Je ne sais toujours pas si Kikine faisait partie de notre famille (et ici l'affaire était vite réglée en remontant l'arbre: nous étions tous consanguins) mais à voir la réaction qu'il nous provoquait lorsqu'on le voyait descendre le chemin, s'il eut le temps de nous voir courir nous réfugier chez tante Antoinette en Hurlant:

"—Le rasta!

—Qui ça?

—Où ça?

— Là bas, ababa!

—Aye mon dieu, oui le Rasta!

—Courez! "

Et bien le bougre devait en être durement affecté; Faire peur aux enfants, était-ce un projet de vie? Kikine était un jeune homme en rébellion contre un système qui ne faisait pas de place pour les gens comme lui. Faute de lutter contre, il avait accepté de vivre en marge plutôt que d'avoir à le changer, l'un des derniers nèg-marrons. Toujours en short, le torse au vent caressant sa belle peau ébène luisante comme une statue, les dreadlocks lachées, il habitait dans une modeste case de l'autre côté du morne vers chez Man Vermeille, juste avant chez Colette. En dépit du fait qu'on avait grandi au rythme du raggae de Jamaïque et du reste de la région, incluant ceux d'ici même, les Rastas étaient mal vus et d'autant plus dans des familles où la majorité des membres étaient fonctionnaires et propriétaires terriens; Leur hantise collective: un rasta squatteur! Pour moi à sept ans, les rastas mangeaient les enfants et les chats. Dans le chemin qui passait à travers le hameaux familial, comme un chaton peureux, chaque fois que je le voyais se profiler au large, j'avais la funeste vision de mon petit corps entraîné et dévoré dans le rasier avant même que j'eusse fini de gober les pommes d'eau et les abricots pays (que je venais chercher derrière chez tante Antoinette).
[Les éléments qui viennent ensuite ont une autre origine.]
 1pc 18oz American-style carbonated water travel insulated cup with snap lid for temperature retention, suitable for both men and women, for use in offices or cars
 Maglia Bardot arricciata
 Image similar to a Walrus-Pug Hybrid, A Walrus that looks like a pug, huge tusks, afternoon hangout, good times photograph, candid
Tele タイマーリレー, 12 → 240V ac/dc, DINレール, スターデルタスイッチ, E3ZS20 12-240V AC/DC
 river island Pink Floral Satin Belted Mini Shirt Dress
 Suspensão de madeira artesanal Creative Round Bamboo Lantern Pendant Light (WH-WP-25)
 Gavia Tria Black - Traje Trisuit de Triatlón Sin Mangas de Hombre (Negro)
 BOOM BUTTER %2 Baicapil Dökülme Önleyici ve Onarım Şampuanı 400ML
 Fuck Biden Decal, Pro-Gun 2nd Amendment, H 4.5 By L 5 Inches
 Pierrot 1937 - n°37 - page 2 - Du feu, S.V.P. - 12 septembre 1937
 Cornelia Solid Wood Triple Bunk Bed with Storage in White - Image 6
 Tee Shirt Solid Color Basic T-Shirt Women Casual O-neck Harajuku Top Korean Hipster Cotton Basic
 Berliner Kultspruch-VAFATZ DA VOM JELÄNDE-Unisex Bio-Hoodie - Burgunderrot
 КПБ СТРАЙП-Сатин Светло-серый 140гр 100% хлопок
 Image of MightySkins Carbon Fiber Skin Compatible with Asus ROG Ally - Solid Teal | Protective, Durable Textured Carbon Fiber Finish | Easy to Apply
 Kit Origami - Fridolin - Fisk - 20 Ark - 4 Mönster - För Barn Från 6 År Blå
Personne ne nous avait mis en garde contre les rastas et on en avait jamais connu de près (à part Kikine qu'on voyait passer (jamais de trop près)). La vision de cette silhouette d'homme sombre comme la nuit, dont les cheveux dansaient comme des serpents nous avait convaincu que ce n'était pas une vocation. Autant dire le rastafarisme qui ne promouvait qu'un stricte régime végétarien et la zen attitude était mal compris (d'autant plus que ceux qui le représentaient étaient d'emblée considérés comme marginaux). Les locks ne furent partiellement tolérées que bien plus tard. Entre considération et raison, pour une coupe de cheveux ou un métier ici les gens étaient vite classés.